The jōfu weaving process
A raw material is a ramie that made in Fukushima―Showa village.
Also known as China Grass or Rhea. A stingless nettle, this perennial grows up to one to two meters in height and has 2 cm long cells. Its white fibers are long and lustrous, and are extracted by retting and then scraping off the outer bark. Ramie is easy to work with and can be split very fine to produce light, elegant cloth, jōfu.
Splicing long strands of ramie fiber together.
This retains their luster and allows for the production of extremely thin threads to make very fine cloth.The connecting splice joining the base of new strand of fiber to the tip of an old strand.My splicing method is two-element ply-joining. I have learned its way in Okinawa (Tarama Island).
By the way, bast fibers have a direction and are best handled in accordance with their direction.This contrasts with short cotton fibers and silk,which handle equally smoothly in both directions.I always work in accordance with the direction in all of the jōfu weaving process.

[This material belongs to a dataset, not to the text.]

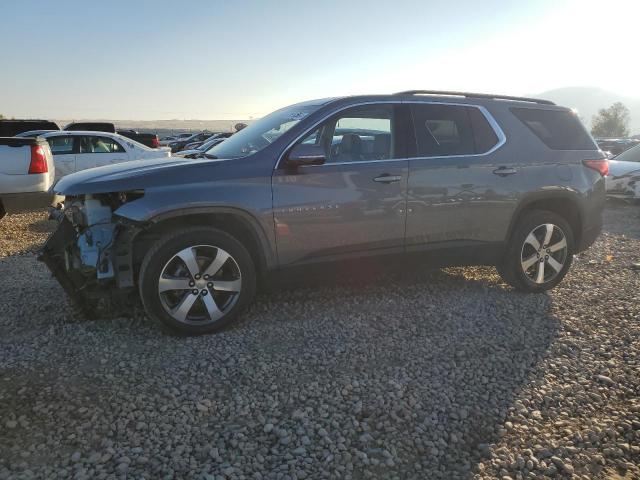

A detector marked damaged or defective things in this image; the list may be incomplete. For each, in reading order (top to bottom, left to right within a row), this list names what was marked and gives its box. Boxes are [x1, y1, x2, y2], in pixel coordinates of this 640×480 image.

crumpled hood [53, 157, 226, 196]
damaged front end [40, 193, 144, 314]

Adding twist with the use of hand spinning wheel (itoguruma).This tool consists of a wheel, constructed of bamboo slats,set on a base next to a long pointed spindle with a whorl close to one end. A string runs around both the wheel and the groove in the spindle whorl. Rotating the wheel with the right hand causes the spindle to twirl.In japan such itoguruma are used to spin,to add twist to ply-jointed thread,to ply two threads together,and to wind bobbins,the quill being slipped over the spindle rod.The twist number of my thread is about 500 twists per meter.
Starching. Treating threads with paste to strengthen them and hold down frays. It is done after adding twist. The paste is made by mixing Endocladiaceae(seaweed) and rice paste and flour and potato starch and camellia oil. The method is pulling up the yarn through the paste, and winding on thread to form skeins.Length of the thread required is 40 kilometers.

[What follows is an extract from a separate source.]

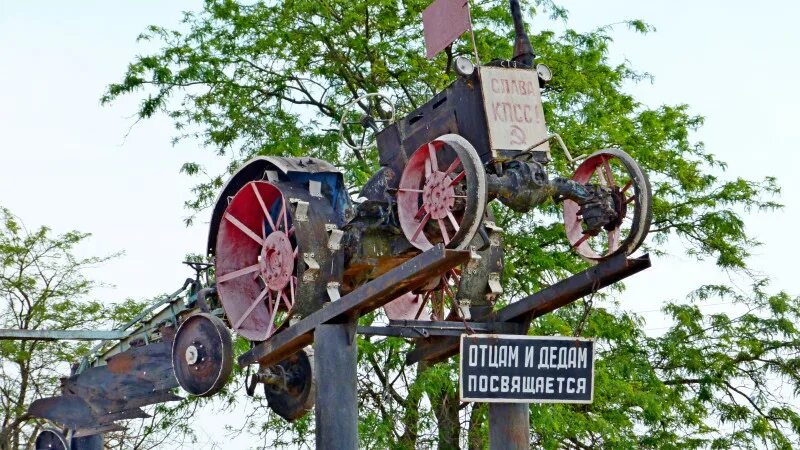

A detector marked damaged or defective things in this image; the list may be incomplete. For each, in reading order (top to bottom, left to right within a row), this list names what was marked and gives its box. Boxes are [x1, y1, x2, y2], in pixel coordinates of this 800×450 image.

Warping. It is measuring the length of the warp threads with the use of warping frame.
The warping frame consists of a set of pegs placed in a base.The threads to be measured for warp are passed in a regular order from peg to peg in a repeated pattern.The warp measured by going around in a circuit.Circuit warping keeps all the threads going in the same direction.
I was warping 1264 threads to the length of 16-meter.
To draw the threads through the dents in the reed.
The reed is made of bamboo slats frame. It through which the warp threads are passed,which is used to space the warp threads.
The measured warp is wound onto the beam at the back of the loom.
Generally on a backstrap loom,the warp beam is synonymous with the back beam,placed at the far end of the loom. The warp is wound onto the warp beam by slowly rotating it and placing paper between the layers of threads.
Making string heddles. The string looped under select warps and used to lift them in a shed.
On backstrap looms the main shed is held open by a shed structure, while the counter shed is lifted by strings looped to the heddle sticks.
Weaving of using the backstrap loom(jibata). The weaving end of the warp is anchored to the weaver’s waist or hips, but the loom itself has a rigid structure. The warp beam rests at the back of the frame, the warps pass over a frame shed structure. The string heddles are connected by a series of levers to foot manipulated pulley.
In order to remove the starch of the cloth,method is cleansing the cloth into simmering water.
Methods of whitening the cloth include setting them outdoors over a period of time.
The cloth is laid out and wetted with lye liquid, the moisture between the fiber evaporate. This evaporation creates ozones, and the chemical reaction, repeated over a period of days, bleaches the cloth.
Reference document: Nagano,G. and Hiroi,N.1999．Base to Tip: Bast-Fiber Weaving in Japan and Its Neighboring Countries .Kyoto: SHIKOSHA Publishing Co., Ltd.